[Source data — start]

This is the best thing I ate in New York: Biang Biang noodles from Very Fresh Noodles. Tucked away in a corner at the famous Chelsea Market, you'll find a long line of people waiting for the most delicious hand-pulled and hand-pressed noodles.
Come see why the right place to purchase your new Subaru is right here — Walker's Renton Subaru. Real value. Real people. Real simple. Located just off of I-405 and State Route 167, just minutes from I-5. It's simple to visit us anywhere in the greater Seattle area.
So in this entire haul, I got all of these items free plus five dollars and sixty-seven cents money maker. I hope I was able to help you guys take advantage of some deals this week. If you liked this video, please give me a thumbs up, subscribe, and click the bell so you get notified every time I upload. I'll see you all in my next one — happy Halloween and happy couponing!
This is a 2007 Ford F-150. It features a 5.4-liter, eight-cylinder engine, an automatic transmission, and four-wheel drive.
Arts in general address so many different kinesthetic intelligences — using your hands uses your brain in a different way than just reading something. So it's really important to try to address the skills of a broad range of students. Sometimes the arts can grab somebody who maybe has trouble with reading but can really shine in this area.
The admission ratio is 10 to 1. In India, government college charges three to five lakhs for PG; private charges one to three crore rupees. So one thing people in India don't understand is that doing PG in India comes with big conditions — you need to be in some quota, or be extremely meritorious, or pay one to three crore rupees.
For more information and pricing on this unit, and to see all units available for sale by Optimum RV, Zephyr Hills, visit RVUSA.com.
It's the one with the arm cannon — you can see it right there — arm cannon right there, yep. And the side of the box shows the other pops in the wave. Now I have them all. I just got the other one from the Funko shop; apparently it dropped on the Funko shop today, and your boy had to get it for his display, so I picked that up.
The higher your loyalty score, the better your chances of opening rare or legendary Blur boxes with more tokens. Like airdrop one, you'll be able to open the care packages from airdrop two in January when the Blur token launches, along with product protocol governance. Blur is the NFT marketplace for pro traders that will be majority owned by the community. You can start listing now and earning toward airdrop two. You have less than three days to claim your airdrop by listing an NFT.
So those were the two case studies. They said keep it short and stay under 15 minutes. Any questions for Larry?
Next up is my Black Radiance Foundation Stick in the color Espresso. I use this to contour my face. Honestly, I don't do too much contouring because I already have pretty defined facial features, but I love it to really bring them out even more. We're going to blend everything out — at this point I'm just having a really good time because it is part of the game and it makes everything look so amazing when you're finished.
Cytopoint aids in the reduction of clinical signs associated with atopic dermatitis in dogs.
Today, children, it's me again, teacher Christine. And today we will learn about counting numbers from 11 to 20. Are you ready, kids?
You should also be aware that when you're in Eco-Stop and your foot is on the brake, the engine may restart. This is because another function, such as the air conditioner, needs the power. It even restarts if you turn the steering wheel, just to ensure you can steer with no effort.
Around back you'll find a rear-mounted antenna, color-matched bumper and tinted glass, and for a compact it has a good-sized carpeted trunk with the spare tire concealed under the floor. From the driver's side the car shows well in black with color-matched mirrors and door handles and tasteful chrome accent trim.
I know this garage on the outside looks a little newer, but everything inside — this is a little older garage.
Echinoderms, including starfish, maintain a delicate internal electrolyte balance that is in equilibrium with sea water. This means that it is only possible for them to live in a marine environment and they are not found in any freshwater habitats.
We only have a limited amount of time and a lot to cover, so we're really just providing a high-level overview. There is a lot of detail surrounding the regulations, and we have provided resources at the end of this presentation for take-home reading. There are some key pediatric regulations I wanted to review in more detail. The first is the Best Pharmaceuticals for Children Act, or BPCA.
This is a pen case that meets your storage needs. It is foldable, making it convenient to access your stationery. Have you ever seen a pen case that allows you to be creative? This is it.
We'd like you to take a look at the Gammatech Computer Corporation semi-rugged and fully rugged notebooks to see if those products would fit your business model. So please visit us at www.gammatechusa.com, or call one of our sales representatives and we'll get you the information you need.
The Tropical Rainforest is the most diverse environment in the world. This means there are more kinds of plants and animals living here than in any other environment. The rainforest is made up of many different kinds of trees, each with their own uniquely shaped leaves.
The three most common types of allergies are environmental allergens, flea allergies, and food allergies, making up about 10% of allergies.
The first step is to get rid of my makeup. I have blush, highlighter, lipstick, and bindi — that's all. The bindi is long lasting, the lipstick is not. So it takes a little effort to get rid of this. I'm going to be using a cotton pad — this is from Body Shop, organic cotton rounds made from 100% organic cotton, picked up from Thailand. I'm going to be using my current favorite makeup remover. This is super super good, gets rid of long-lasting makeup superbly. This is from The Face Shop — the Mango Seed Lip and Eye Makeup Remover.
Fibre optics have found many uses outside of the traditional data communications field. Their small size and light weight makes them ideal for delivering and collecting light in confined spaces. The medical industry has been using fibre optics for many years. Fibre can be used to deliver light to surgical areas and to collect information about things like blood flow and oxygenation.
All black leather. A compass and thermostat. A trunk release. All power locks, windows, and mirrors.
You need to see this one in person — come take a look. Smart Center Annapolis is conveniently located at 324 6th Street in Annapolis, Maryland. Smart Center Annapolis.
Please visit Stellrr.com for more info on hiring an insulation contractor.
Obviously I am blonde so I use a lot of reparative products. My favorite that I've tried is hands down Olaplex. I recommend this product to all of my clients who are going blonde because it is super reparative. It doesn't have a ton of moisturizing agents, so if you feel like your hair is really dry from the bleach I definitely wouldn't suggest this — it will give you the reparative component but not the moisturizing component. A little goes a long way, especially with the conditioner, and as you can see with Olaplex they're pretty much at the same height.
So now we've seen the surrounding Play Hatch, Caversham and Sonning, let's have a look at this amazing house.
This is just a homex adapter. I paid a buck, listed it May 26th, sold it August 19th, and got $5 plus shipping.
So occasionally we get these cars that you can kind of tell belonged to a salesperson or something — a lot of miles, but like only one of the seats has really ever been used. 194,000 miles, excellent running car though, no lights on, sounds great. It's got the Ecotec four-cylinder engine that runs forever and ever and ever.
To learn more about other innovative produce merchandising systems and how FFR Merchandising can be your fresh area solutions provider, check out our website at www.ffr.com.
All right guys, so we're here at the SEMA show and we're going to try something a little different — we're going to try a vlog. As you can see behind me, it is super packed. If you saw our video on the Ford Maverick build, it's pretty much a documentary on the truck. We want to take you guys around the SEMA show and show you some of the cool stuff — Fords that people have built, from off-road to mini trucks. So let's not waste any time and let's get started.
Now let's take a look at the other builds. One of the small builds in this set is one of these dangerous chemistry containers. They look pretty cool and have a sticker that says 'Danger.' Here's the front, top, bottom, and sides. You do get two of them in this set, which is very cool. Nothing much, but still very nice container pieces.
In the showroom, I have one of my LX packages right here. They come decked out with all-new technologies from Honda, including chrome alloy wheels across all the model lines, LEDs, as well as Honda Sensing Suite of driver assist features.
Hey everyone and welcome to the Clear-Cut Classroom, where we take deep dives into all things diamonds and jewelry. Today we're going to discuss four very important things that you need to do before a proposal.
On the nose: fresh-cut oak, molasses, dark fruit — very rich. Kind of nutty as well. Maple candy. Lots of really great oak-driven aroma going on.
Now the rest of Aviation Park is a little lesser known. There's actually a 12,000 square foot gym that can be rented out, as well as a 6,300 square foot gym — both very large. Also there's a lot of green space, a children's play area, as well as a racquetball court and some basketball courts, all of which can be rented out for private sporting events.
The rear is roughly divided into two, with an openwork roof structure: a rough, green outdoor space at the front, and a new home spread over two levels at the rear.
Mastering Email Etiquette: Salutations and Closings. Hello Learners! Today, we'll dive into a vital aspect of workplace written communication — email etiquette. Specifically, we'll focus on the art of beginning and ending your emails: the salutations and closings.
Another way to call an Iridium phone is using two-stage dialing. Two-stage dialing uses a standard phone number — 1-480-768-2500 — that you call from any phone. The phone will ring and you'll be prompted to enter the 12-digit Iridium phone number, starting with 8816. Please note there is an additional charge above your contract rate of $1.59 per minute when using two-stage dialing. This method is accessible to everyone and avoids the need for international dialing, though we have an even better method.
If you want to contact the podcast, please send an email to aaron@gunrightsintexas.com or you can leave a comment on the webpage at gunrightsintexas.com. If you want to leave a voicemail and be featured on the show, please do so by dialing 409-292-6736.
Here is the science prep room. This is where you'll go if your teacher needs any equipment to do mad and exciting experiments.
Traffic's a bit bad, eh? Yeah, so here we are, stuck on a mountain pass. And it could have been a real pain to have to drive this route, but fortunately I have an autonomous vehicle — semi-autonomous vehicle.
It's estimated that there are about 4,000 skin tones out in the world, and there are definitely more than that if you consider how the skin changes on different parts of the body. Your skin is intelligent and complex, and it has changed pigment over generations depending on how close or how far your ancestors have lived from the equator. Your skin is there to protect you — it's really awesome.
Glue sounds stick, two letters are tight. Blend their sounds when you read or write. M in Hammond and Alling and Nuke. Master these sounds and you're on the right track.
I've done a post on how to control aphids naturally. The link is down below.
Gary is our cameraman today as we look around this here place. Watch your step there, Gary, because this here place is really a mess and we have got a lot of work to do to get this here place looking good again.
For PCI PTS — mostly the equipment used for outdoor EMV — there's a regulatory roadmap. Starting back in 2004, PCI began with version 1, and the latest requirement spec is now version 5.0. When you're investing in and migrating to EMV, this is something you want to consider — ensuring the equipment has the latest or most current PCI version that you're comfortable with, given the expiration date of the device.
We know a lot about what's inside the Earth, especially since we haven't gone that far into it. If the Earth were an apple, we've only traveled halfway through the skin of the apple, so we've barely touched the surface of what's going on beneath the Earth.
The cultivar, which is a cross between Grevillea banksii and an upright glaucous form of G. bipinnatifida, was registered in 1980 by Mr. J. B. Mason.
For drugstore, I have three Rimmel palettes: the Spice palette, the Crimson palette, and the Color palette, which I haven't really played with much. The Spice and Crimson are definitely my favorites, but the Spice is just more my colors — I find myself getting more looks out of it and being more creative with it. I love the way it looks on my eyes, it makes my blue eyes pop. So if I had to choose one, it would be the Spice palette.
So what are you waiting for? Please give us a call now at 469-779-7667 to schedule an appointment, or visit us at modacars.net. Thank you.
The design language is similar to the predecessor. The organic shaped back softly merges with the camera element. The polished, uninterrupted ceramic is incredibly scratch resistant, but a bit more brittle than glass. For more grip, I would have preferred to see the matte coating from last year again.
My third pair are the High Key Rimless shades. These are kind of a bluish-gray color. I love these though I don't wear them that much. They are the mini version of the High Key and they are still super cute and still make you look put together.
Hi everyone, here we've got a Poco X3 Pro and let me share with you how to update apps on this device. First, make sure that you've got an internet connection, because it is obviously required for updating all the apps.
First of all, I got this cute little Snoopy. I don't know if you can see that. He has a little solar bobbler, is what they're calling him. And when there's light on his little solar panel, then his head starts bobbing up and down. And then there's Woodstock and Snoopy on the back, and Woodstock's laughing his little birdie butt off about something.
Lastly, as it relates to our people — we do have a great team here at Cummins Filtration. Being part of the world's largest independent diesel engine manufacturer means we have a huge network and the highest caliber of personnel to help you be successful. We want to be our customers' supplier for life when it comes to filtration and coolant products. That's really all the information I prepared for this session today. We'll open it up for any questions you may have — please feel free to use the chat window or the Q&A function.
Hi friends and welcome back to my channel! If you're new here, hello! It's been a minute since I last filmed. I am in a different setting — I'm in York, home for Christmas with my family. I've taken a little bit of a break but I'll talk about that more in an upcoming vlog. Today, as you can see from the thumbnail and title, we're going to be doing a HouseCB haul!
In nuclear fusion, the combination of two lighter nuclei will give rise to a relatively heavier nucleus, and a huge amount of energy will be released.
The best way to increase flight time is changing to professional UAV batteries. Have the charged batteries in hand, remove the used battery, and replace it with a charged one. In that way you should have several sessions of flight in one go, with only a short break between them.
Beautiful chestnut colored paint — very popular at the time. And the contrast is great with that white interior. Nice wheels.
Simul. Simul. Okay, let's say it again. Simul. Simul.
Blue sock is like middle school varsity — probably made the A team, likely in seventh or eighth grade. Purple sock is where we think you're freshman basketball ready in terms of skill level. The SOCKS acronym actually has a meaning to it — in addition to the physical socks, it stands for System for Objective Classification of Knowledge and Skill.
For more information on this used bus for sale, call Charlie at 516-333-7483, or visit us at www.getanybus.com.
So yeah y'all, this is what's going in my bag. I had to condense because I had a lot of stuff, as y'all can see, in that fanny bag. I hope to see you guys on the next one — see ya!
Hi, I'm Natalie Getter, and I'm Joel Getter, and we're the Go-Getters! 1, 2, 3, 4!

[Source data — finish]

● What needs to be done:
Output the data exactly, from the first line through the line that holds "Arts in general", so that no later line appears.

● Solution:
This is the best thing I ate in New York: Biang Biang noodles from Very Fresh Noodles. Tucked away in a corner at the famous Chelsea Market, you'll find a long line of people waiting for the most delicious hand-pulled and hand-pressed noodles.
Come see why the right place to purchase your new Subaru is right here — Walker's Renton Subaru. Real value. Real people. Real simple. Located just off of I-405 and State Route 167, just minutes from I-5. It's simple to visit us anywhere in the greater Seattle area.
So in this entire haul, I got all of these items free plus five dollars and sixty-seven cents money maker. I hope I was able to help you guys take advantage of some deals this week. If you liked this video, please give me a thumbs up, subscribe, and click the bell so you get notified every time I upload. I'll see you all in my next one — happy Halloween and happy couponing!
This is a 2007 Ford F-150. It features a 5.4-liter, eight-cylinder engine, an automatic transmission, and four-wheel drive.
Arts in general address so many different kinesthetic intelligences — using your hands uses your brain in a different way than just reading something. So it's really important to try to address the skills of a broad range of students. Sometimes the arts can grab somebody who maybe has trouble with reading but can really shine in this area.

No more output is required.